*** Opening of Material to process ***
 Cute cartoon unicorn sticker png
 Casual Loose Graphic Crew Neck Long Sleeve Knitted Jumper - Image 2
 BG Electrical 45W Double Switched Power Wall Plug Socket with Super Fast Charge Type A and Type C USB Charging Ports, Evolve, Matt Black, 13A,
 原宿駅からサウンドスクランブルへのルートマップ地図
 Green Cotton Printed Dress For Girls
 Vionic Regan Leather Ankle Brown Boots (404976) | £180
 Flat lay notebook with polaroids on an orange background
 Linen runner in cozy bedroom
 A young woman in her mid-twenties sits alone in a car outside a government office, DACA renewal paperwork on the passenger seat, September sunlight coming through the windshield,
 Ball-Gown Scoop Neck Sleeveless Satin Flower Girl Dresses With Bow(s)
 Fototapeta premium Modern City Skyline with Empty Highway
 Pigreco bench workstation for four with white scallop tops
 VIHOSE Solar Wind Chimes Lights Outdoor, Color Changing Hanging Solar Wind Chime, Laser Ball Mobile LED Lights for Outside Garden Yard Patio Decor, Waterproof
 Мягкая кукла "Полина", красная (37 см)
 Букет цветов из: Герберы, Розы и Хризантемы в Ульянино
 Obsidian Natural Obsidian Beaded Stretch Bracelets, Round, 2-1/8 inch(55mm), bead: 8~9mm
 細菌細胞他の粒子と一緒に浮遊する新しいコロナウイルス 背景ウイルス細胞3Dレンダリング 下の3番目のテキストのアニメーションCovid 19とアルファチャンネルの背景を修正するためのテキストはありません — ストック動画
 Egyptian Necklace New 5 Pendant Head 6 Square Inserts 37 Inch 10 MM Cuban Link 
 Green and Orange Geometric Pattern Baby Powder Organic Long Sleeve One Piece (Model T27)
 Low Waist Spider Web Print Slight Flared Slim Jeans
*** Close of Material to process ***
-- Exercise prompt --
From the records above, print exactly the lines that run from the line with "Ball-Gown Scoop Neck" to the line with "Green and Orange", inclusive.

-- Written answer --
 Ball-Gown Scoop Neck Sleeveless Satin Flower Girl Dresses With Bow(s)
 Fototapeta premium Modern City Skyline with Empty Highway
 Pigreco bench workstation for four with white scallop tops
 VIHOSE Solar Wind Chimes Lights Outdoor, Color Changing Hanging Solar Wind Chime, Laser Ball Mobile LED Lights for Outside Garden Yard Patio Decor, Waterproof
 Мягкая кукла "Полина", красная (37 см)
 Букет цветов из: Герберы, Розы и Хризантемы в Ульянино
 Obsidian Natural Obsidian Beaded Stretch Bracelets, Round, 2-1/8 inch(55mm), bead: 8~9mm
 細菌細胞他の粒子と一緒に浮遊する新しいコロナウイルス 背景ウイルス細胞3Dレンダリング 下の3番目のテキストのアニメーションCovid 19とアルファチャンネルの背景を修正するためのテキストはありません — ストック動画
 Egyptian Necklace New 5 Pendant Head 6 Square Inserts 37 Inch 10 MM Cuban Link 
 Green and Orange Geometric Pattern Baby Powder Organic Long Sleeve One Piece (Model T27)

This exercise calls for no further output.